Must-Read: I wonder: Berkeley’s very sharp Pam Samuelson played a substantial role in helping to create this cluster#@$%. Yet I haven’t heard much from her trying to fix it. I wonder why not?
What Ever Happened to Google Books?: “It was the most ambitious library project of our time…
:…a plan to scan all of the world’s books and make them available to the public online…. Today, the project sits in a kind of limbo. On one hand, Google has scanned an impressive thirty million volumes… but… most of it remains inaccessible. Searches of out-of-print books often yield mere snippets of the text–there is no way to gain access to the whole book…. It would be the world’s first online library worthy of that name. And yet the attainment of that goal has been stymied, despite Google having at its disposal an unusual combination of technological means, the agreement of many authors and publishers, and enough money to compensate just about everyone who needs it.

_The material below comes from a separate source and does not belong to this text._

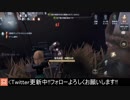 [サバイバー・泥棒]僕を含めた3人は明らかに最低限の仕事をしました【第五人格をプレイしてみた Series2】#35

The problems began with a classic culture clash when, in 2002, Google began just scanning books, either hoping that the idealism of the project would win everyone over or following the mantra that it is always easier to get forgiveness than permission….

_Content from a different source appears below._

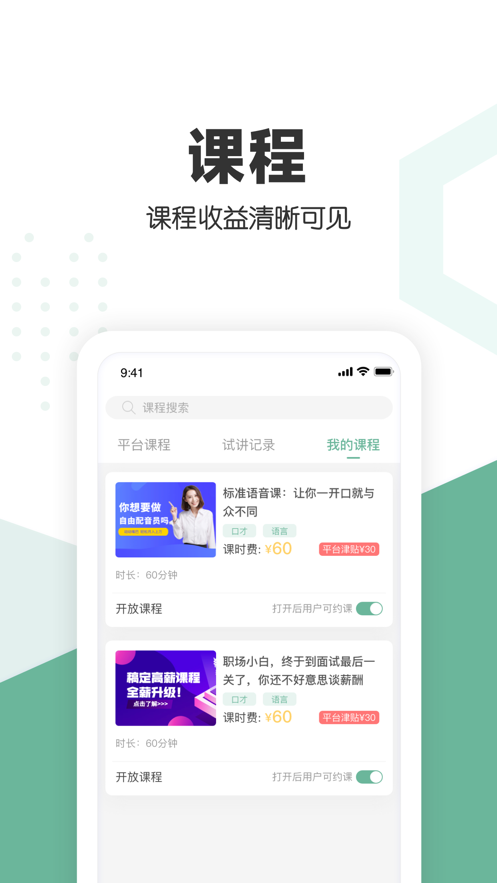 口才喵行家端app 1.0.11.0.1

By 2008, representatives of authors, publishers, and Google did manage to reach a settlement to make the full library available to the public, for pay, and to institutions. In the settlement agreement, they also put terminals in libraries, but didn’t ever get around to doing that. But that agreement then came under further attacks from a whole new set of critics, including the author Ursula Le Guin, who called it a ‘deal with the devil.’… Four years ago, a federal judge sided with the critics and threw out the 2008 settlement…. ‘Sounds like a job for Congress,’ James Grimmelmann, a law professor at the University of Maryland and one of the settlement’s more vocal antagonists, said at the time. But, of course, leaving things to Congress has become a synonym for doing nothing…. Google… [could] have declared the project a non-profit…. Authors and publishers… were difficult and conspiracy-minded…. Outside critics and the courts were entirely too sanguine about killing, as opposed to improving, a settlement…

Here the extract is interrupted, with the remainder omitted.